*** DATA FOR REVIEW
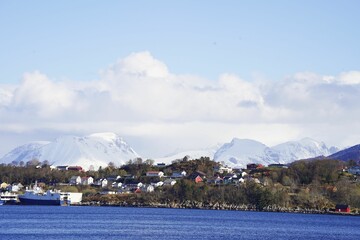 Aerial view of Alesund cityscape, Norway, with snow-capped mountains in the background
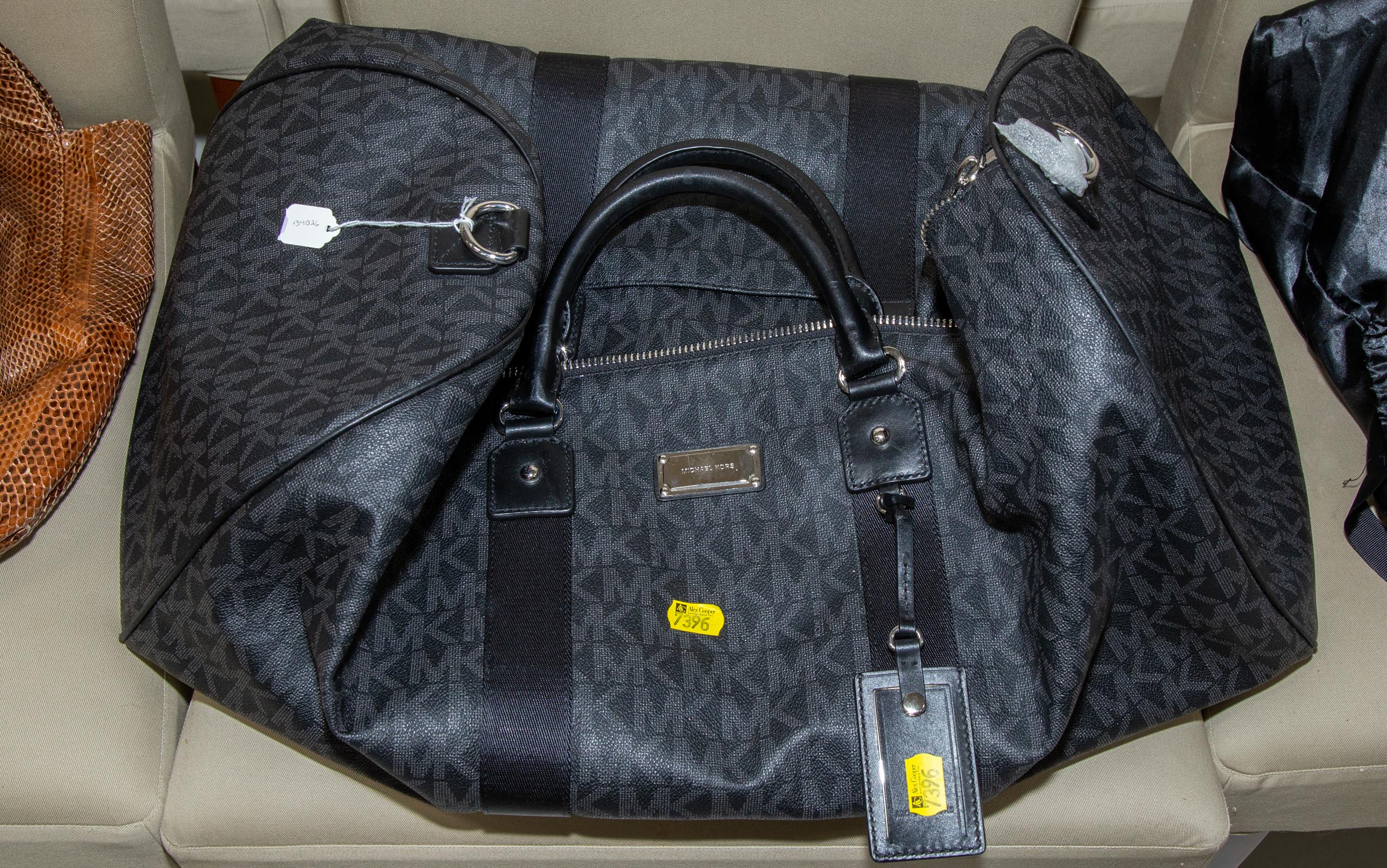 Appraisal: NWT MICHAEL KORS TRAVEL DUFFEL A black and gray monogram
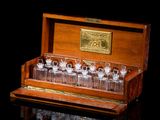 a wooden case with several glasses in it on a black surface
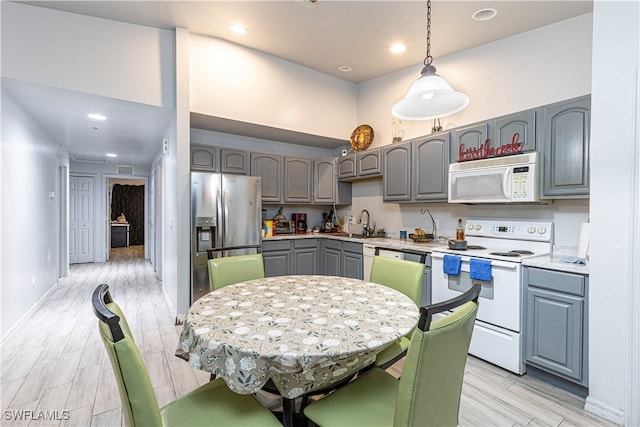 kitchen featuring gray cabinetry, stainless steel appliances, sink, decorative light fixtures, and light hardwood / wood-style flooring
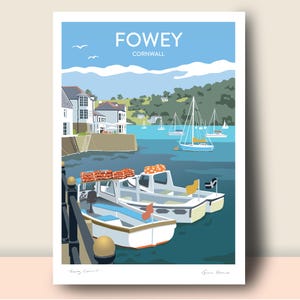 May include: A print featuring a coastal scene of Fowey, Cornwall. The artwork depicts boats docked in a harbor with buildings and green hills in the background. The sky is blue with white clouds and the text "FOWEY CORNWALL" is at the top.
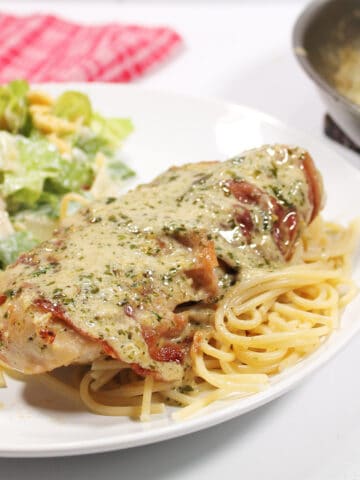 Closeup of chicken breast with basil cream sauce.
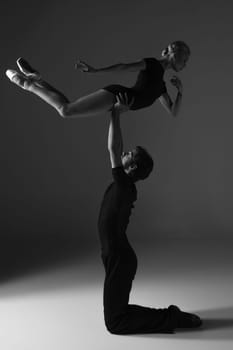 The two young modern ballet dancers in black suits posing over gray studio background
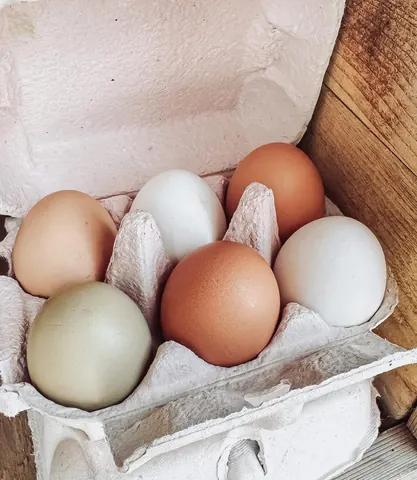 A carton of eggs is sitting on a wooden table.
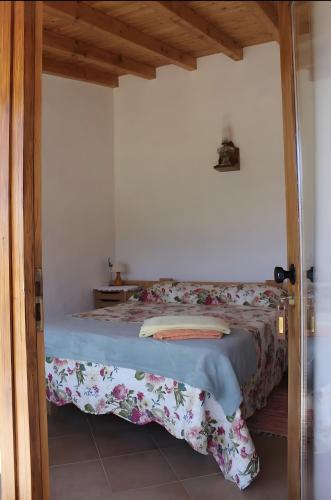 a bedroom with a bed with a blanket on it at Horta Do Zé Miguel in Monchique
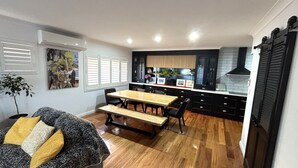 A compact kitchen with a dining area, wooden flooring, and black cabinetry. - Landwin Gardens 1 - walk to the beach (SOUTH WEST ROCKS)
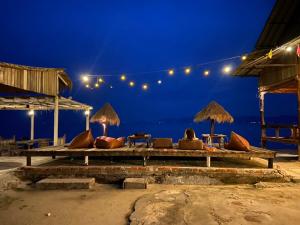 a bench with chairs and umbrellas on the beach at night at The Cosy Koh Phangan in Thong Sala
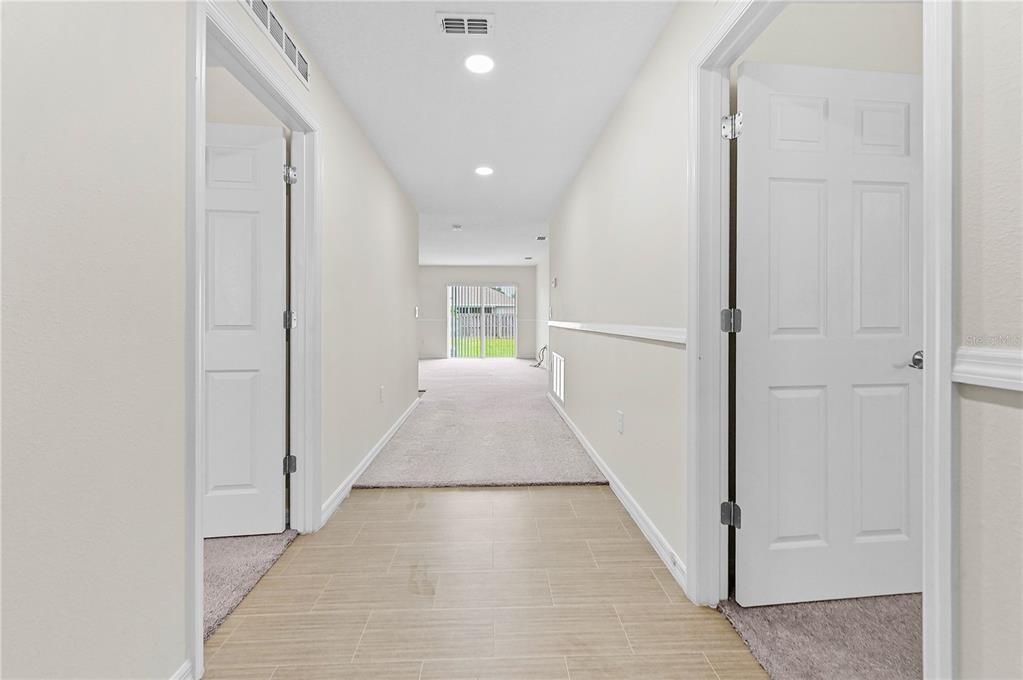 A hallway with tile flooring leads to a carpeted living area with sliding glass doors — 361 SW THORNHILL DRIVE, PORT ST LUCIE, FL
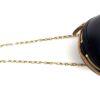Detail of the gold chain where it meets the bag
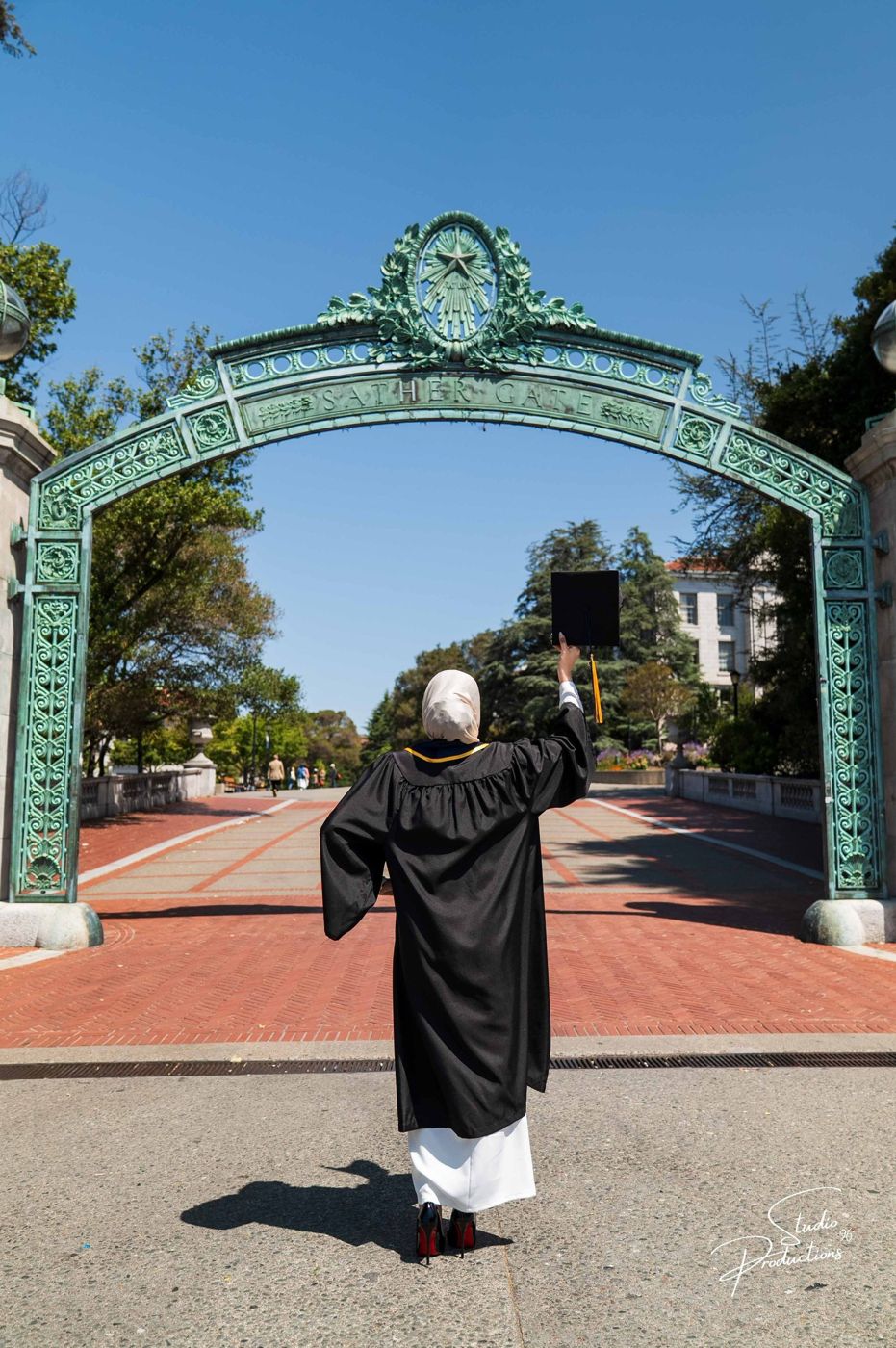 Graduate walking beneath UC Berkeley's Sather Gate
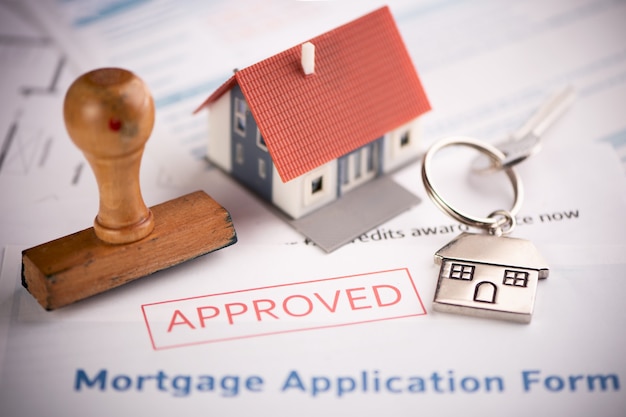 An approved Mortgage loan application form with house key and rubber stamp close up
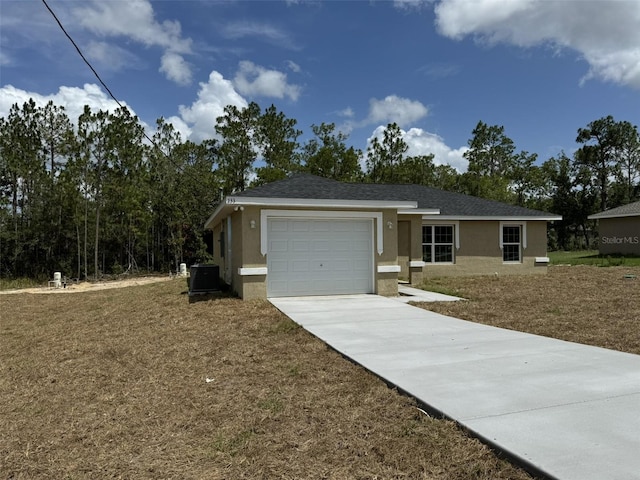 ranch-style home featuring a garage and a front lawn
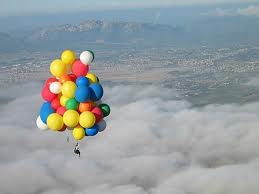 Multitude of the colorful balloons dancing in the  - See all the beautiful colours of these balloons rising in the sky high above the clouds.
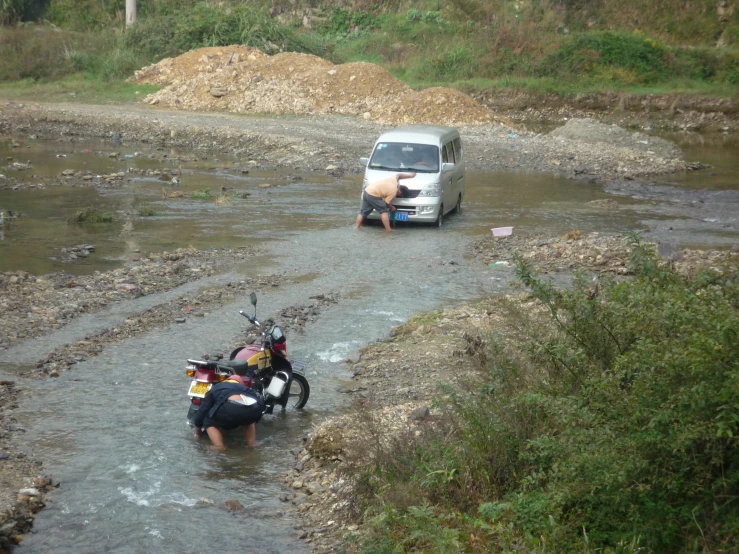 two people ride bikes in the middle of water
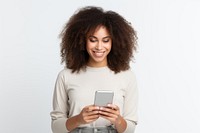 Positive curly haired ethnic woman uses mobile phone checks messages and reads news holds modern cellular in hands adult smile photo.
******
TASK DIRECTIONS
Your reply is the full set of entries reproduced exactly, with images omitted.

ANSWER
 Aerial view of Alesund cityscape, Norway, with snow-capped mountains in the background
 Appraisal: NWT MICHAEL KORS TRAVEL DUFFEL A black and gray monogram
 a wooden case with several glasses in it on a black surface
 kitchen featuring gray cabinetry, stainless steel appliances, sink, decorative light fixtures, and light hardwood / wood-style flooring
 May include: A print featuring a coastal scene of Fowey, Cornwall. The artwork depicts boats docked in a harbor with buildings and green hills in the background. The sky is blue with white clouds and the text "FOWEY CORNWALL" is at the top.
 Closeup of chicken breast with basil cream sauce.
 The two young modern ballet dancers in black suits posing over gray studio background
 A carton of eggs is sitting on a wooden table.
 a bedroom with a bed with a blanket on it at Horta Do Zé Miguel in Monchique
 A compact kitchen with a dining area, wooden flooring, and black cabinetry. - Landwin Gardens 1 - walk to the beach (SOUTH WEST ROCKS)
 a bench with chairs and umbrellas on the beach at night at The Cosy Koh Phangan in Thong Sala
 A hallway with tile flooring leads to a carpeted living area with sliding glass doors — 361 SW THORNHILL DRIVE, PORT ST LUCIE, FL
Detail of the gold chain where it meets the bag
 Graduate walking beneath UC Berkeley's Sather Gate
 An approved Mortgage loan application form with house key and rubber stamp close up
 ranch-style home featuring a garage and a front lawn
 Multitude of the colorful balloons dancing in the  - See all the beautiful colours of these balloons rising in the sky high above the clouds.
 two people ride bikes in the middle of water
 Positive curly haired ethnic woman uses mobile phone checks messages and reads news holds modern cellular in hands adult smile photo.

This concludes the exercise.